Sky-shifting#
CWInPy can be used to produce posterior probability distributions for the unknown signal parameters of a continuous gravitational-wave source, i.e., a pulsar. These allow you to constrain, for example, the gravitational-wave amplitude, or orientation of the source. However, before making inferences about a particular source’s parameters it is useful to be sure that the signal you are observing is actually astrophysical in origin. Gravitational-wave detector data contains many non-astrophysical artifacts and also its properties vary over time, i.e., the noise is the data is not drawn from a purely Gaussian non-stationary process (see, e.g., [1]). Some of these artifacts are narrow-band spectral line features, which can wander across the frequency band of an expected signal and potentially mimic a continuous signal to some extent [2]. Even Gaussian noise can occasionally conspire to look slightly “signal-like”, i.e., produce posteriors in amplitude that peak away from zero and have some coherent structure detectors.

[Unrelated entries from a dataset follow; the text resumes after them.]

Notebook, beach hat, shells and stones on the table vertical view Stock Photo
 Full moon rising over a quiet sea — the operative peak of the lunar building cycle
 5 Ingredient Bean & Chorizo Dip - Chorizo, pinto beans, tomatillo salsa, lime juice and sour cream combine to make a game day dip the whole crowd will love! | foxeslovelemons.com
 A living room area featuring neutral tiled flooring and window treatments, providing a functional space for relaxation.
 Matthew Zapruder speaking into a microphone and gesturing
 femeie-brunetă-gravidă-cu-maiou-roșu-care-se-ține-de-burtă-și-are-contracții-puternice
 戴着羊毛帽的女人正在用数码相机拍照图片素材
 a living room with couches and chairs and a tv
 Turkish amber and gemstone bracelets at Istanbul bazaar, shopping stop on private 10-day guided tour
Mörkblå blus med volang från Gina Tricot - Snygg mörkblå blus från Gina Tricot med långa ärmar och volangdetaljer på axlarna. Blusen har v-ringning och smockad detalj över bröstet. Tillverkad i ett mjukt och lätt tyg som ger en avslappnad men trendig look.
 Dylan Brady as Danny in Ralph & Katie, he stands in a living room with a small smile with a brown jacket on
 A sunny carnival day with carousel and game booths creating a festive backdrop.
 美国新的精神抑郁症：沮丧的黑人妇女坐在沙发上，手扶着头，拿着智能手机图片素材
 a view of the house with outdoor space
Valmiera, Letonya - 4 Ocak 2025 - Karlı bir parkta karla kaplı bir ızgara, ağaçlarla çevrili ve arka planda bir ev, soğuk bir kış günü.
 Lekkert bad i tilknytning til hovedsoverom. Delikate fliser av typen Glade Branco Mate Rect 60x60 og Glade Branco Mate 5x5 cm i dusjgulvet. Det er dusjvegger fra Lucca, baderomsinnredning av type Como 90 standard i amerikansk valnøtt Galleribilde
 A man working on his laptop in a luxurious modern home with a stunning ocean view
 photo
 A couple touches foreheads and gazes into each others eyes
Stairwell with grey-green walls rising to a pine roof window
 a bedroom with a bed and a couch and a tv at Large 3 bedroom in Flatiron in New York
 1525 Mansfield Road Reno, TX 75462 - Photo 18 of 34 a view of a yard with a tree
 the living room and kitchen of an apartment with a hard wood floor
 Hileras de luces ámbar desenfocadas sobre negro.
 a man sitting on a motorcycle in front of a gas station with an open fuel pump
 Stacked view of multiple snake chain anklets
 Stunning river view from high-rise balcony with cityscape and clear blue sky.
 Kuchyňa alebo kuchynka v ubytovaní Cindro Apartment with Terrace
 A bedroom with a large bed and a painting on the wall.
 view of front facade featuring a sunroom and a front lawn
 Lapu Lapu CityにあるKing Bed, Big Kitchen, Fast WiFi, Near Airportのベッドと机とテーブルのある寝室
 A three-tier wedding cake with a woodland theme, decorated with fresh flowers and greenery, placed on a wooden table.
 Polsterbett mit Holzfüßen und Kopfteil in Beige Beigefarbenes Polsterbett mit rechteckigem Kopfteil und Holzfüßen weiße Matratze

It is therefore useful to have some way to assess whether a signal is likely to be a detector artifact or not, i.e., compare some statistic generated from the data containing the signal to a known background distribution of that statistic for realistic noise-only detector data. We unfortunately cannot turn signals off or shield the detector from them to work out a noise-only background. Given a continuous signal is at a specific frequency, the noise-only background could potentially be generated by looking at many different frequencies. However, because the detector noise amplitude is very frequency dependent and the spectral features vary across the band, this means different frequencies are not very representative of the noise around our signal of interest. This is where sky-shifting [3] comes in.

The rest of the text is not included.